Police are hunting two Eastern European men believed be trying to skim credit cards in Auckland.
They are believed to have targeted an ATM in Queen St last month, but their plan was thwarted by a customer who contacted the police.
Details of the scam were revealed yesterday, on the same day that two Romanians were convicted of trying to set up a similar fraud in Wellington.
Catlin Nicusor Lechea, 33, and Bogdan Georgian Pavelescu, 34, pleaded guilty in the district court there to preparing to commit a crime.
They were each fined $1000 and ordered to leave New Zealand.
In the Auckland case, the wanted men were seen three weeks ago working in tandem, police said.
One placed a green sleeve device on the automatic teller machine while the other kept watch.
"The device looked exactly like the illuminated green slot into which customers insert their ATM cards," said Acting Inspector Hirone Waretini.
"This device sits over the top of the original green slot and contains an electronic chip that reads the details of the card as it enters the machine.
"The pair left this device for a couple of hours on the machine and intended to return to remove it. However, a customer using the ATM discovered the device when it came off in his hand as he removed his card. He promptly handed the device in to police," Mr Waretini said.
Police said the men were from Eastern Europe.
Both are thought to be in their late 20s to early 30s, of solid build, cleanshaven, with short dark hair.
Mr Waretini said police did not know where the men were and appealed for information about them, but asked that they not be directly told about the police interest in them.
Card-skimming has become popular in recent years.
Usually, a "skimming" device that looks as if it is part of the ATM is placed over the slot where the bank card is inserted. The bank card details are collected from the magnetic strip and a small camera above the keyboard records the PIN.

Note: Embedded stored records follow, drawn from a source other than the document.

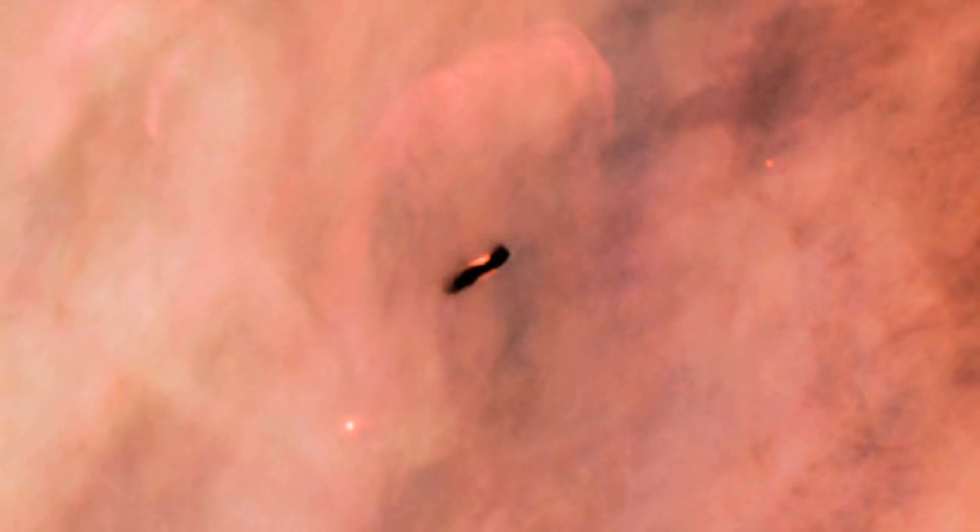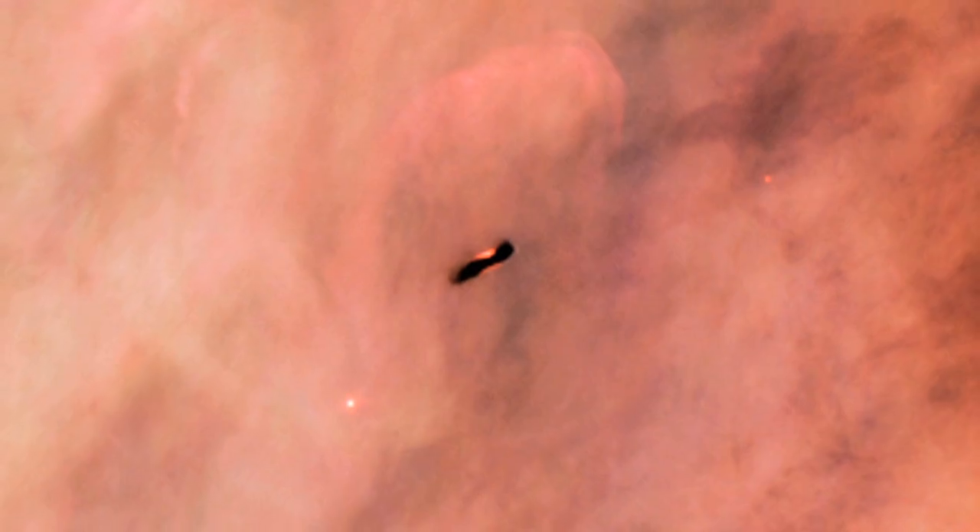Wow. It looks like dawn in a new planet. Yeah, exactly. It is a dawn.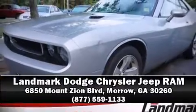Our sales reps are knowledgeable and professional. Stop in and take a test drive.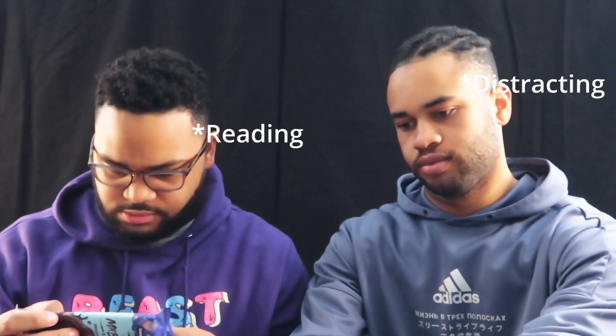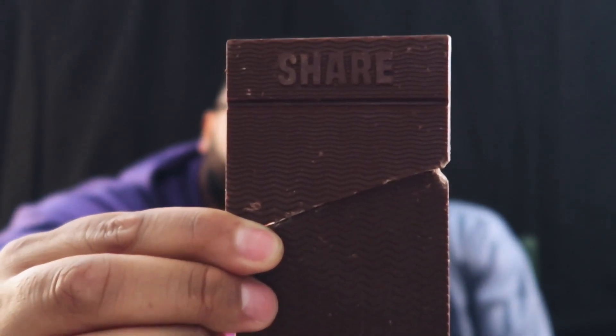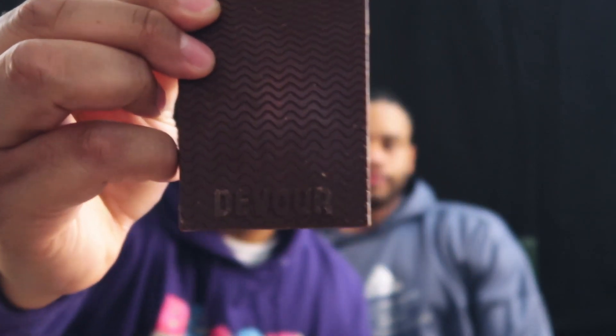This one has five ingredients — I'm assuming the fifth ingredient is quinoa. Let's open this up. This is what the bar looks like. It says 'share' on the top, which is definitely a recommendation, and 'devour' on the bottom, which is 100% a command.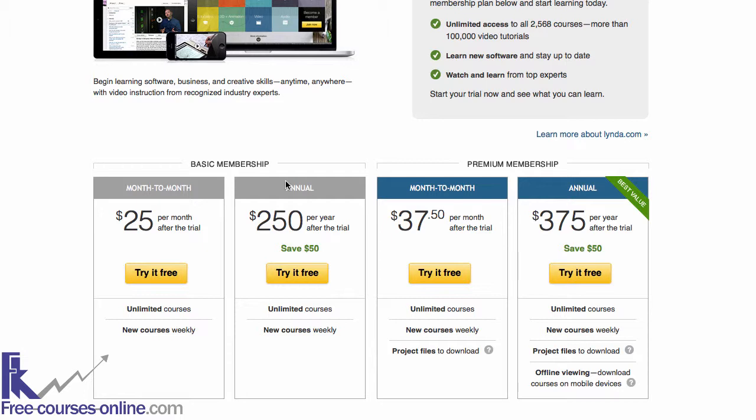As you can see here, there are four options for you to choose from. It's depending on your budget to be honest, but I personally signed up for premium membership because they give you access to the exercise files. The great thing about the exercise files is that you can follow along exactly what the trainer teaches you, and it saves you a lot of time and effort.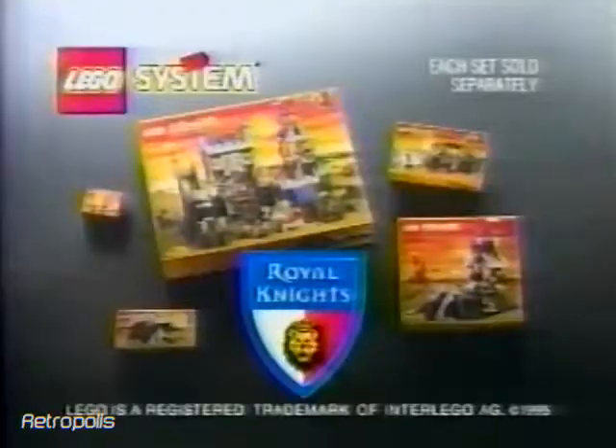LEGO Mania! Royal Knights — exciting new sets to collect from LEGO System, each sold separately.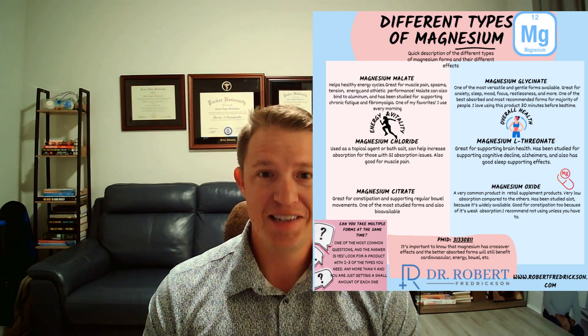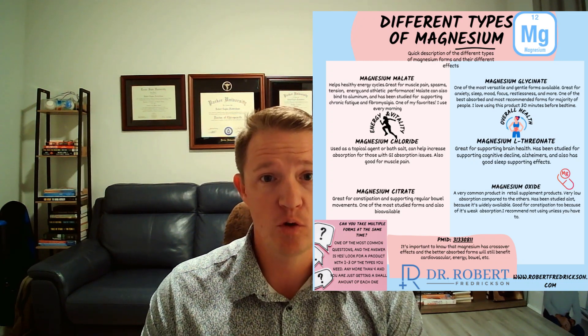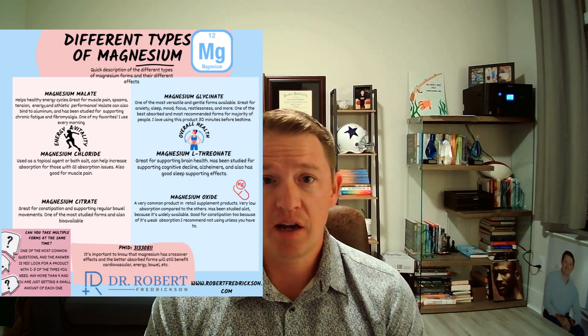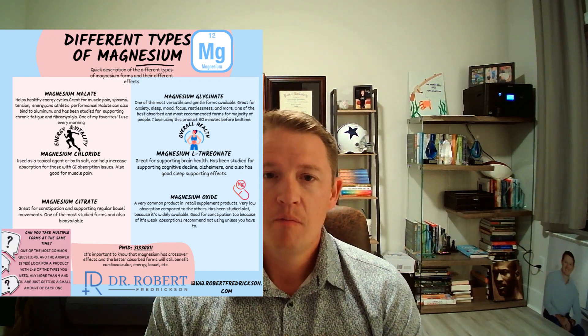In no specific order, the better-absorbed forms include magnesium bisglycinate, magnesium malate, magnesium taurate, and magnesium orotate. Magnesium chloride is commonly used in topical applications. Magnesium sulfate is not a well-absorbed form orally, but it does have benefits in an Epsom salt bath. So if you have poor gut absorption, you might consider Epsom salt baths or topical applications, but most people will want to use one of the higher-absorbed oral forms.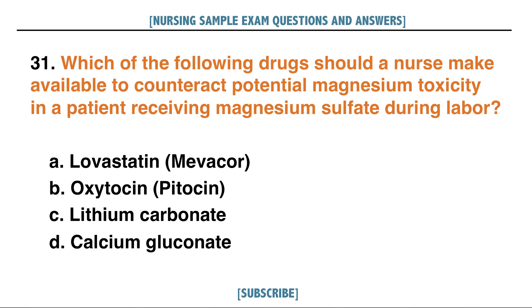Which of the following drugs should a nurse make available to counteract potential magnesium toxicity in a patient receiving magnesium sulfate during labor? A. Lovastatin or Mevacor, B. Oxytocin or Pitocin, C. Lithium carbonate, D. Calcium gluconate. Answer: D. Calcium gluconate.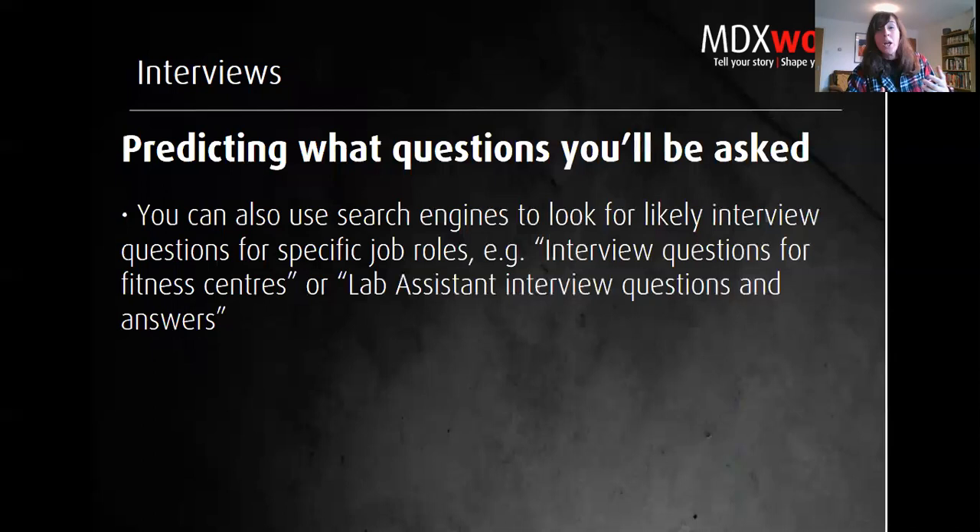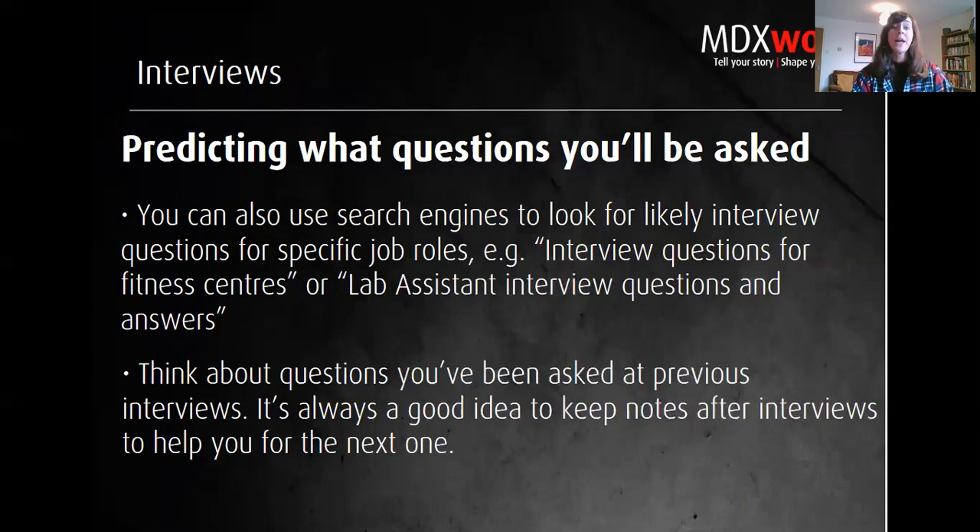As well as Glassdoor, use Google and other search engines to look for interview questions for specific job roles — for example, 'lab assistant interview questions and answers.' You'll likely notice certain questions appearing across different sites repeatedly — make a note of those, as they're probably the most common. Also, if you've done interviews before in a similar industry, think about what you were asked and whether you had strong responses. Keep notes after your interviews, however they go.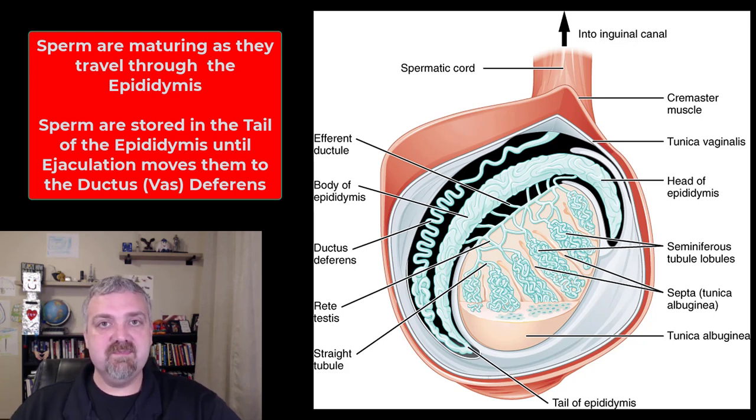Why is that important? Once this sperm reaches the female reproductive tract, it's going to need to move on its own to travel through the female reproductive tract and get to the uterine or fallopian tubes, where fertilization will occur. The sperm is then going to be stored in the tail of the epididymis until ejaculation. Then everything moves forward and it will be replaced by new sperm being produced behind it.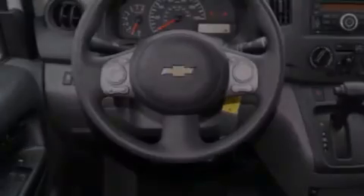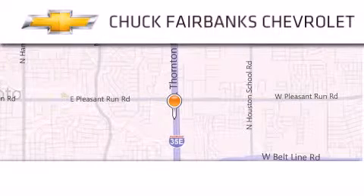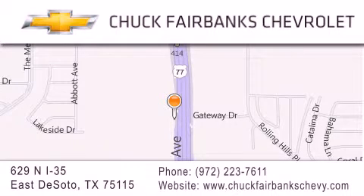Call now to find out how you can own this breathtaking vehicle. Thank you for considering Chuck Fairbanks Chevrolet for your next new or pre-owned vehicle. If you have any questions, please visit our webpage, give us a call, or stop by our dealership located on Interstate 35 and Pleasant Run Road in DeSoto.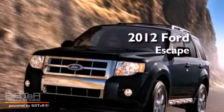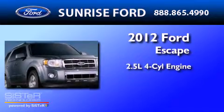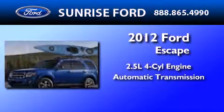This is a brand-new 2012 Ford Escape. It features a 2.5-liter four-cylinder engine and an automatic transmission.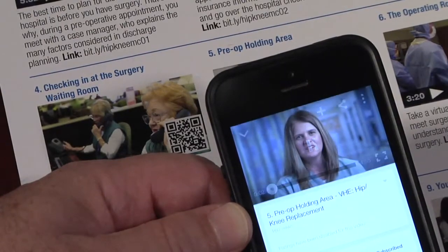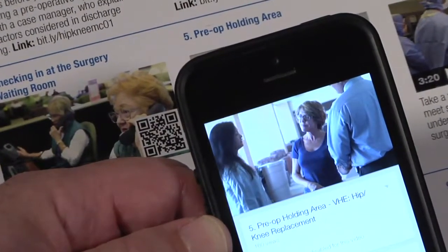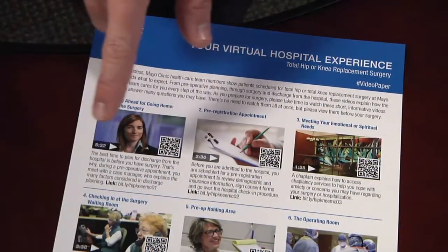Hi there, and welcome to Mayo Clinic in Florida's pre-op holding area. Once you are checked in and we are ready to prepare you for surgery, one of us will come get you from the surgery waiting room. As a safety check, we will ask you your name and date of birth, and we may verify that your valuables have been secured.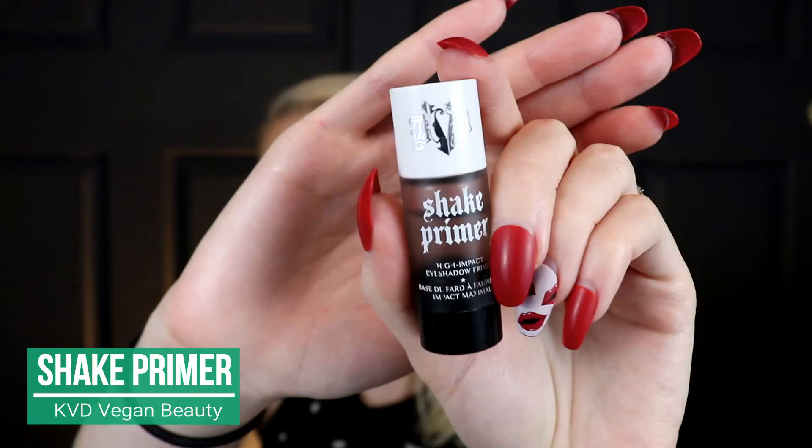Now on to eyes. Normally most eyeshadow primers feel the same to me, but this one has changed everything — it's the KVD Vegan Beauty Shake Primer. I have a whole review video dedicated to this where I compare it to another eyeshadow primer. It's just amazing; if you have an eyeshadow that's kind of meh, this will make it good.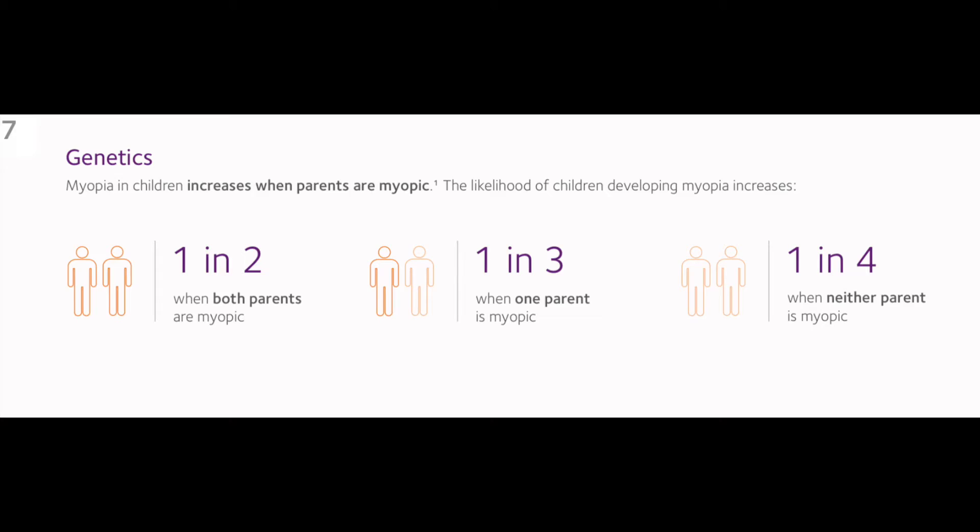So what could cause myopia? Two causes: lifestyle and genetics. Your parents, and then the way kids are living indoors now more than outdoors. I'm not sure that parents understand what risk factors are involved with genetics. If both parents are nearsighted, one in two kids will have that risk. If one parent is nearsighted, one in three. And if neither parent, you still have a one in four chance.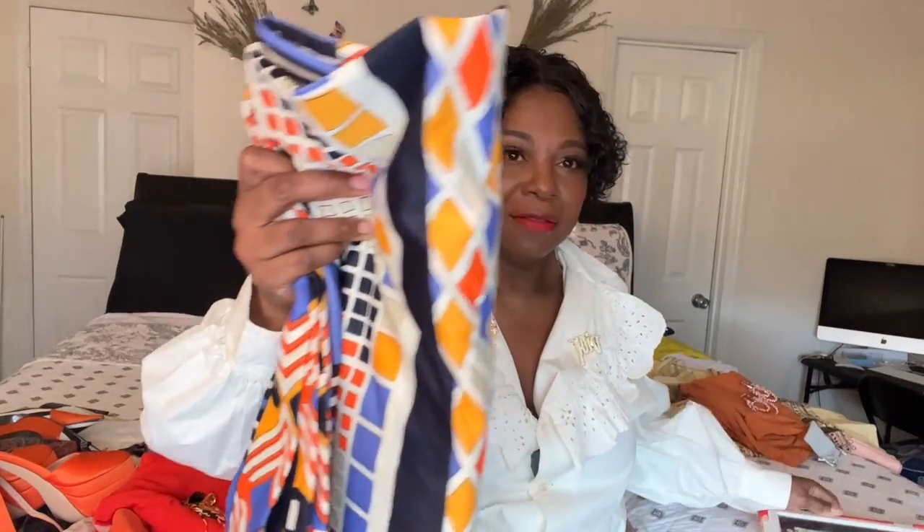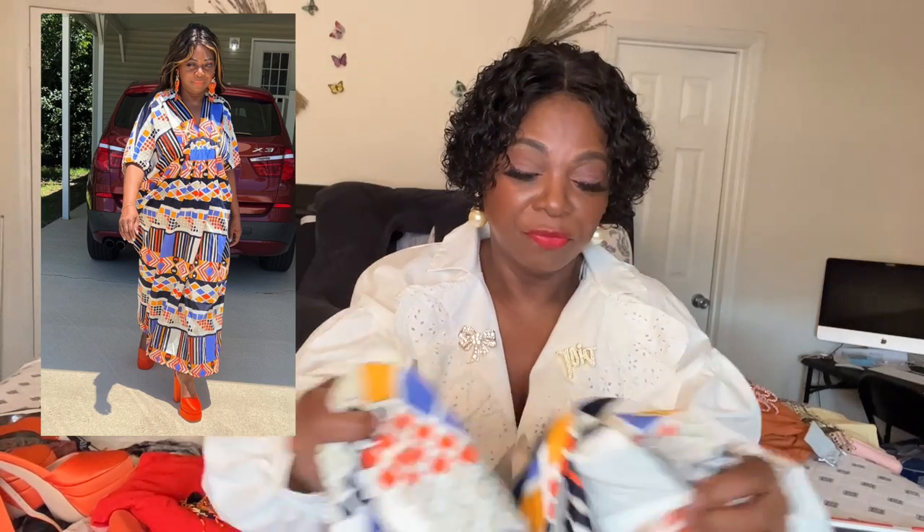The first outfit I want to talk about is this caftan. Now, whether it's orange by itself or orange with another color, this caftan is everything. Look at the Aztec designs in it — that's what got me. I wore it with heels, or you can put on some flats and have it flowing down, not dragging. I wore it with heels, which I will show you in a minute. Look at these Aztec colors — so gorgeous. It's not like any other caftan I've gotten. I just love the design.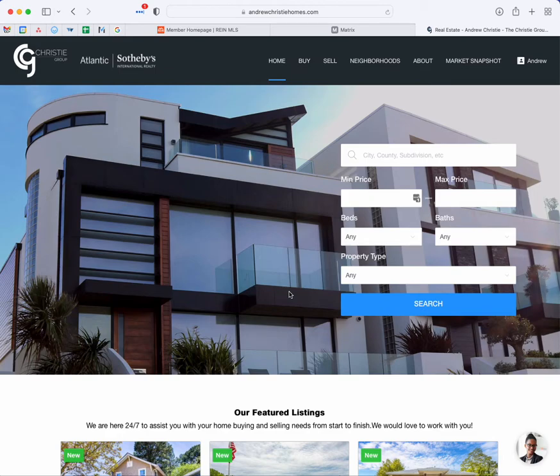Hello, this is Andrew Christie here at the Christie Group at Atlantic Sotheby's International Realty. I appreciate you stopping by. I just wanted to take some time to make a quick video about our website — just how to navigate our site and realize the power that it has. It's got a lot of great features, there's a lot that you can do with it, and we do have a lot of clients and customers stopping by just to use the site, and we're perfectly fine with that. Feel free to use it as much as you want. I just wanted to make sure everybody knows how to get everything they possibly can out of the site, so without further ado, I'm going to go ahead and get started.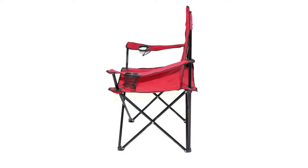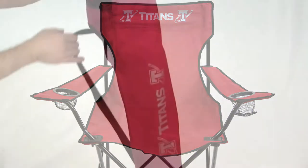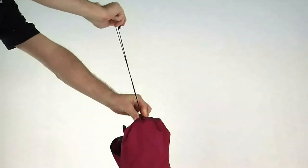The lightweight steel frame holds up to 300 pounds, and the two mesh cup holders give you plenty of room for your favorite beverages. The handy carrying bag features a shoulder strap and a drawstring to make your imprinted chairs easy to carry while traveling.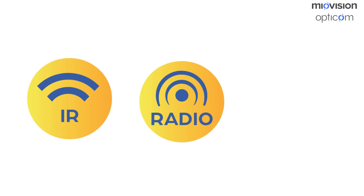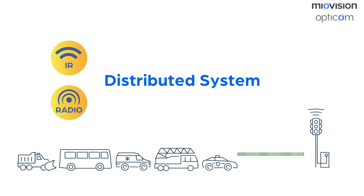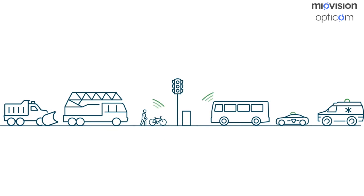Vehicles can make priority control requests several ways, including infrared light emission, radio waves, or cellular communications. Infrared and radio systems use standalone hardware on a vehicle and at the intersection. A cellular-based solution can communicate over existing infrastructure using software and network-connected devices. Regardless of which system is deployed, priority control helps your city manage how vehicles move through its streets.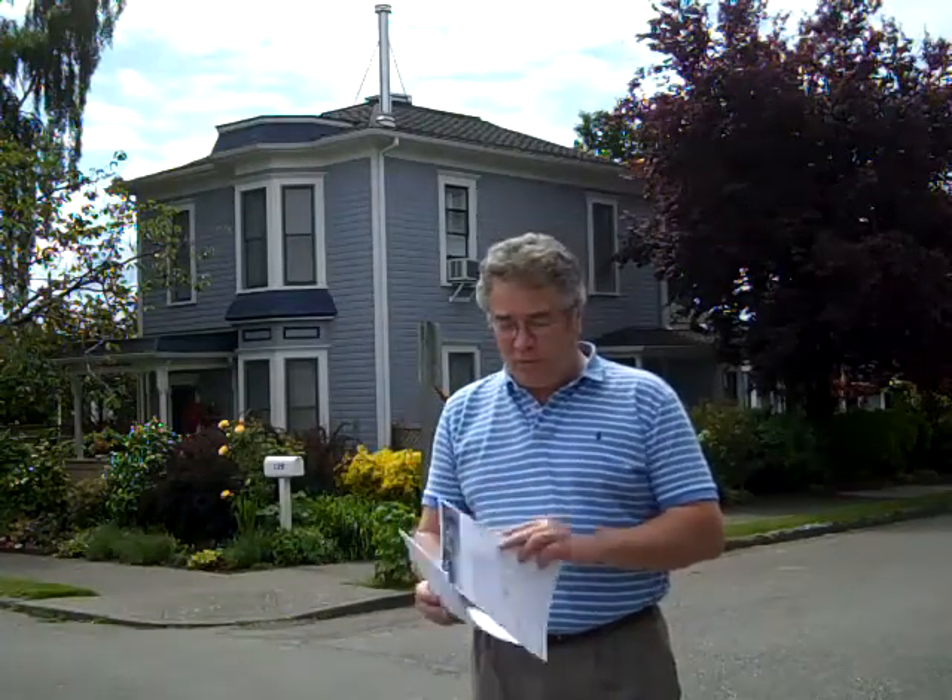Hi there, this is Wayne Perser with 365 Things to Do in Edmonds, Washington. Today we're at the Historical Walk of Edmonds, put out by the Historical Society at the Edmonds Museum.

The stolen data can be transmitted wirelessly to the fraudsters, then emailed to associates overseas. The bank information is then sold to criminal groups around the world, which create counterfeit cards and withdraw the cash overseas.
In March, ANZ - after discovering fraudulent transactions made from Bulgaria - said fraudsters had been using the devices on its ATM machines.
"It does appear that these fraudsters have used hit-and-run tactics - placing devices on ATMs for a short time - to bypass our frequent checks," said a spokeswoman for the bank.
Police say it is important that people are always vigilant around ATM machines and take precautions when entering their PIN number. If anyone has concerns that an ATM has been tampered with, or does not look right, they should contact their bank as soon as possible.